How do you know if you are kennel blind? Well, if you think that every dog you own is perfect, and that the dogs owned by others are never as good as yours, you probably are.

Now, I am not saying that you should not love and admire all the positive traits of the dog that you bring home. The danger is if you cannot find anything positive about anyone else’s dog. If you cannot be objective enough to see your own dog’s weaknesses or flaws, how can you move forward in terms of the dogs you may own in the future? If you look around the ring and cannot honestly give credit to other good representatives of the breed, then you will find it difficult to ever learn from others. You will be at a standstill.

You should know your competition. Know what makes them stand out or excel in their particular endeavor, and learn to identify what was done to bring the dog success. If you cannot honestly assess the dogs in the ring, that task may be impossible. A basic understanding of the rules and regulations, a thorough knowledge of your breed’s standard, and feedback from experienced owners are fundamental requirements to moving forward in the sport of dogs. Everyone has something to learn, and if you think you know it all, you are at a dead end. Maybe it is how one handler loose-leads a dog that might otherwise throw his front. Another trainer always has dogs that appear to enjoy going through their obedience or agility commands. How does one owner groom his dog’s neck so that it blends perfectly into its back, or groom the head so it looks long and smooth? Another highlights her dog’s movement by doing something as simple as making sure that her clothes do not get in the way of the dog and are not a distraction to the judge.

I believe you should be the toughest critic of your own dogs, your own training techniques, your own grooming, and your own breeding practices. To avoid rationalizing your way through many of the assessment issues, you may need to rely on the input of experienced dog owners and breeders who are not afraid to be honest with you. You must be willing to accept their sincere analysis. Criticism is never easy to endure, but if it is constructive, it is appreciated in the long run.

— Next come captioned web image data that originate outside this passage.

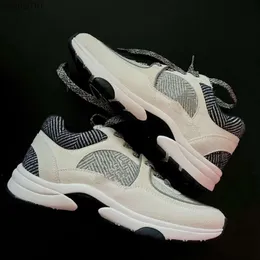 2024 New Little Fragrant Sports Shoes Womens Thick Sole Heightened Colored Dad Shoes American Casual Versatile Single Shoes
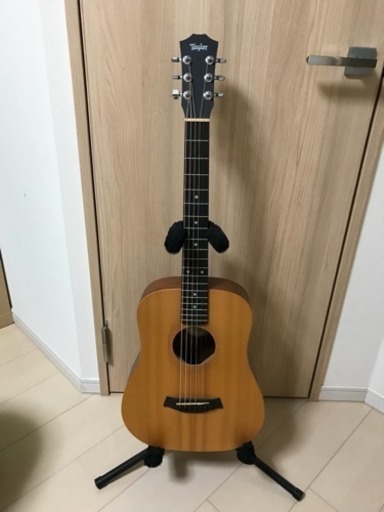 テイラー  アコースティックギター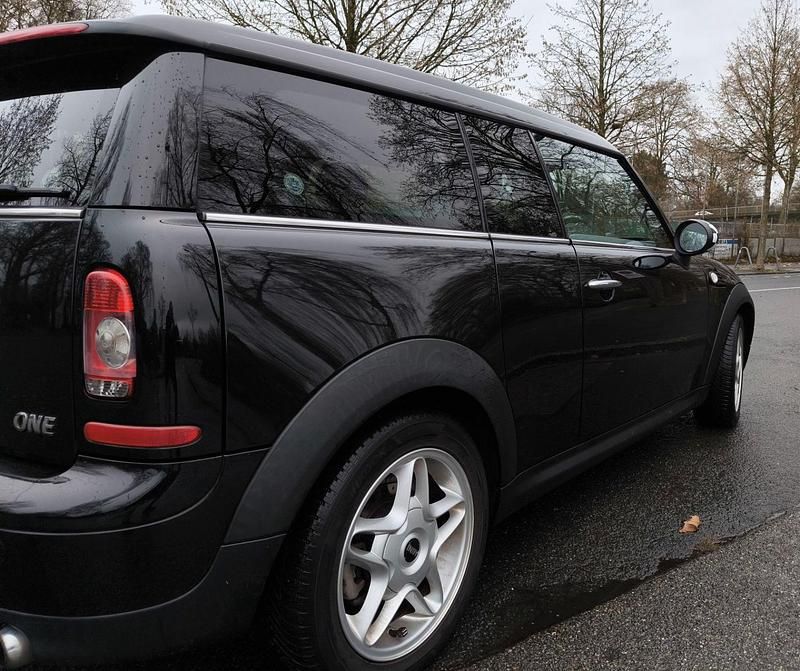 Gebraucht Mini One Clubman 95 PS (69 kW) 2010 Schwarz Kombi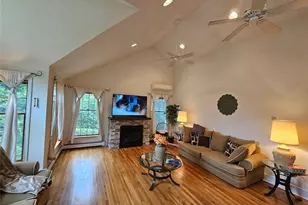 10 Phyllis Rd, Mastic Beach, NY 11951 - Photo 4
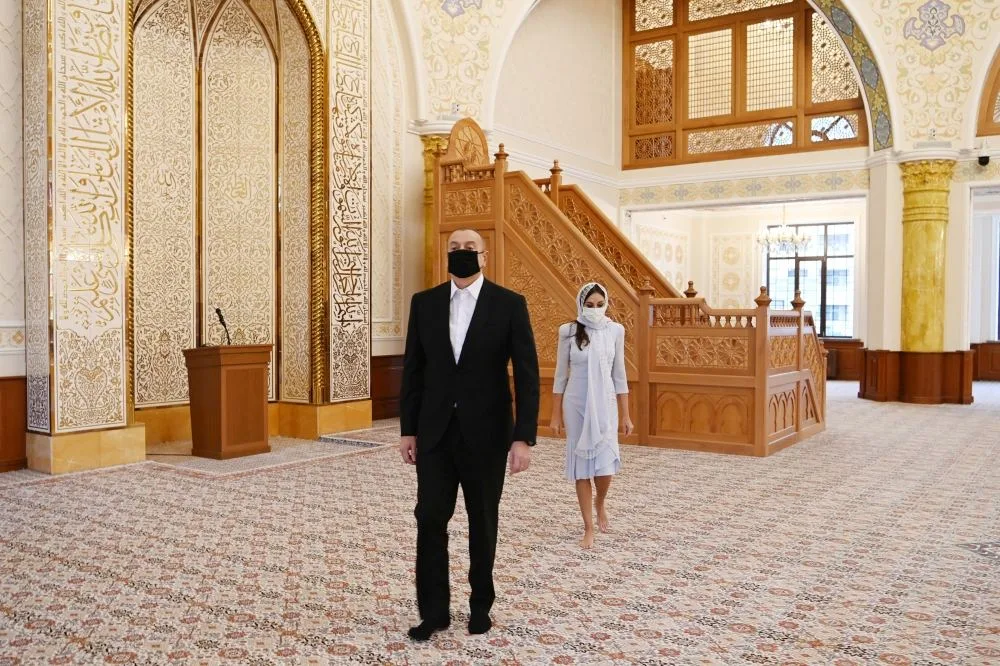 Prezident və birinci xanım “Xanım Fatimeyi Zəhra” məscidində - FOTOLAR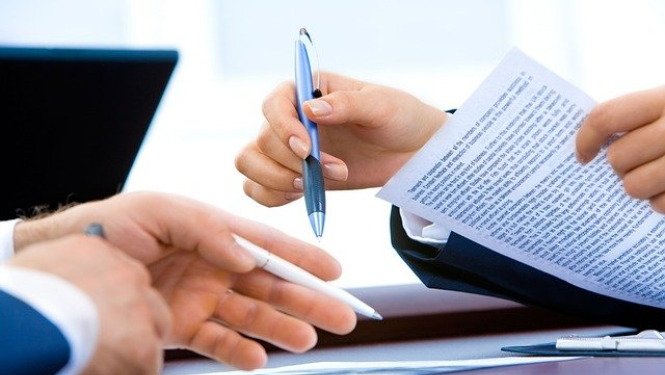 Dokumentu parakstīšana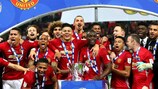 O Manchester United comemora a conquista da Taça da Liga inglesa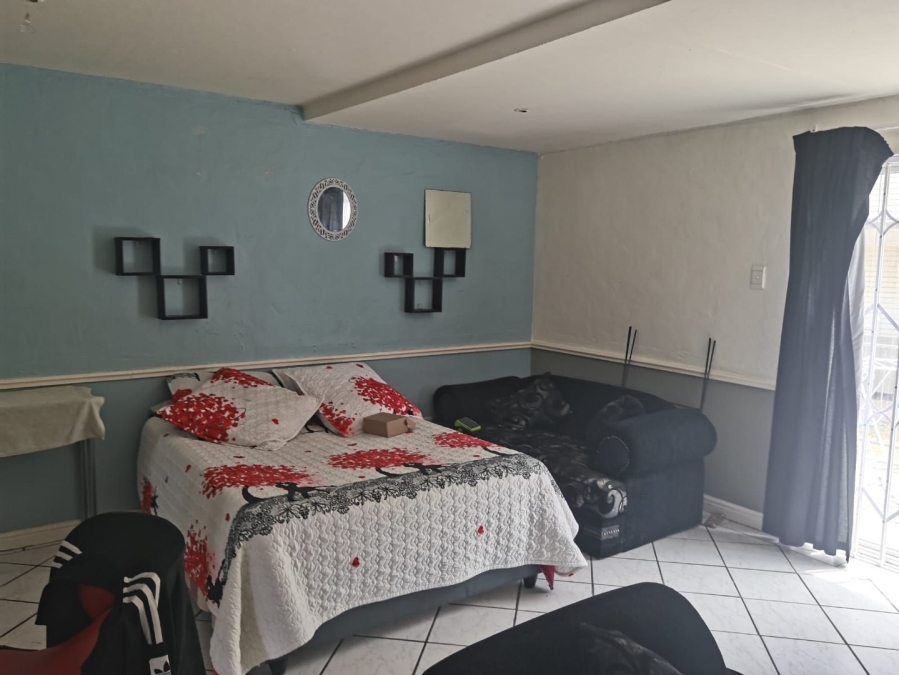 To Let 1 Bedroom Property for Rent in Humewood Extension Eastern Cape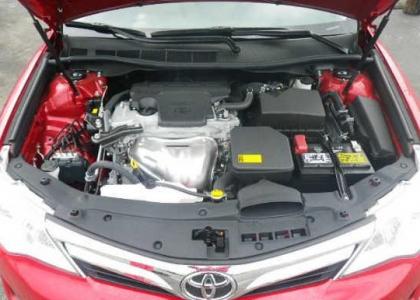 2012 TOYOTA CAMRY LE - RED ON BEIGE 8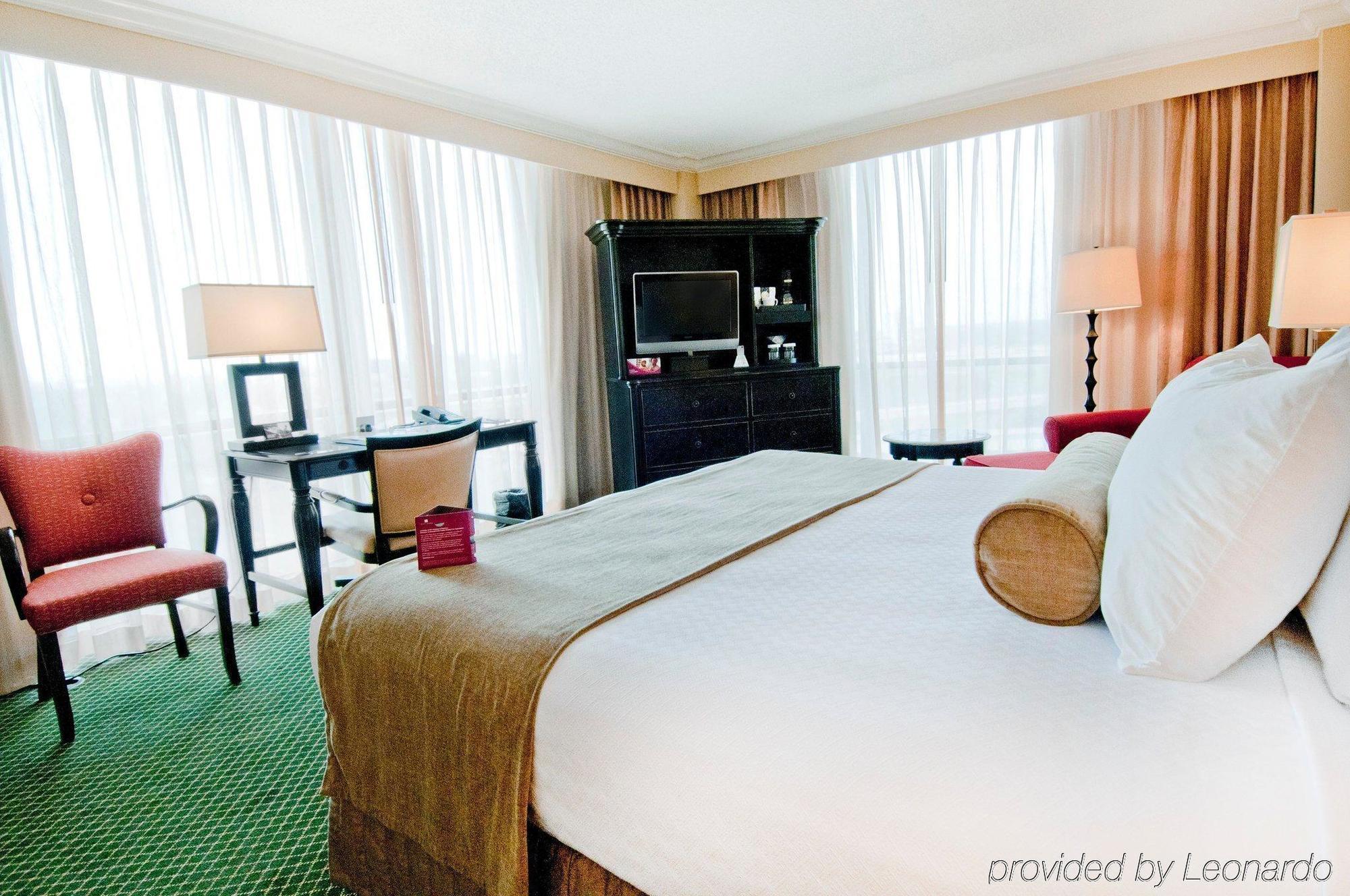 Hotel Crowne Plaza Pensacola Grand Extérieur photo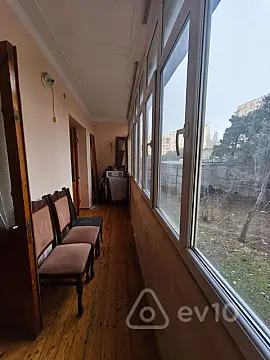 Kirayə verilir 2 otaqlı köhnə tikili 60 m²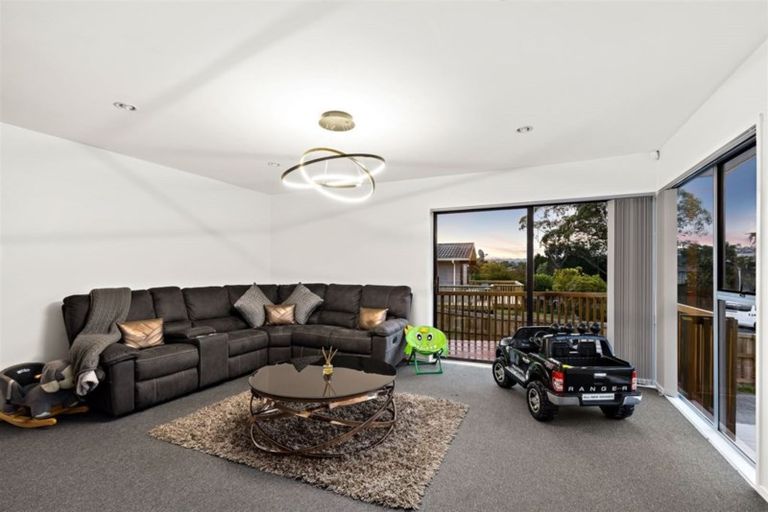 Photo of property in 49 Larissa Avenue, Henderson, Auckland, 0610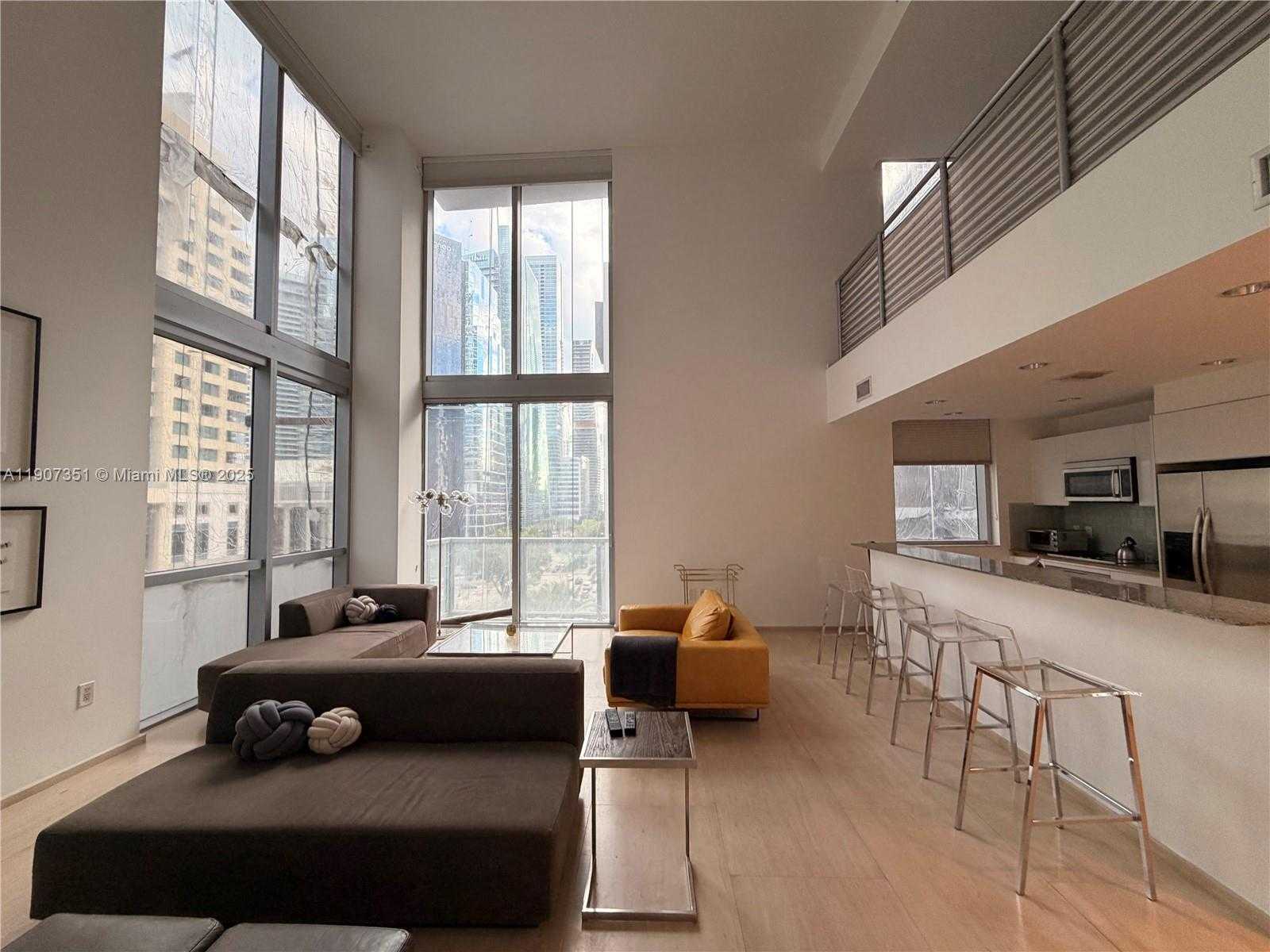 Small Image of 1060 BRICKELL AVE #613, Miami Number 7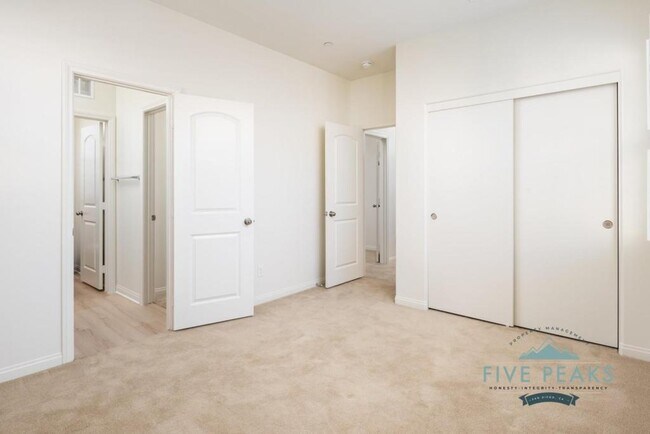 Building Photo - 1515 Franceschi Dr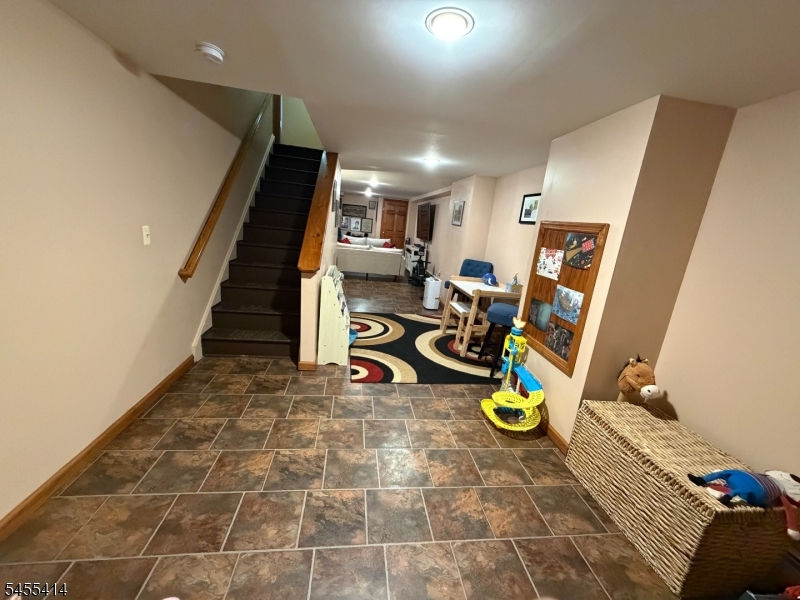 73 S Hillside Ave Property Photo 16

Breeders often ask other experienced owners to evaluate their puppies in terms of both conformation and temperament. Their honest assessment helps the breeder to place the pups in the most appropriate new homes. Welcoming that type of advice is a great initial way to avoid the trap of being kennel blind. Why should inviting the help of other knowledgeable dog people stop there?

The feedback you receive from experienced owners and trainers should not end with the evaluation of the puppies, for it is with continued honest and frank dialogue that improvements in the breed are made. It is with unprejudiced assessment of our dogs and the dogs owned by others that everyone’s achievements can be appreciated.

This article appeared in the November, 2009, AKC Gazette and is reprinted with permission.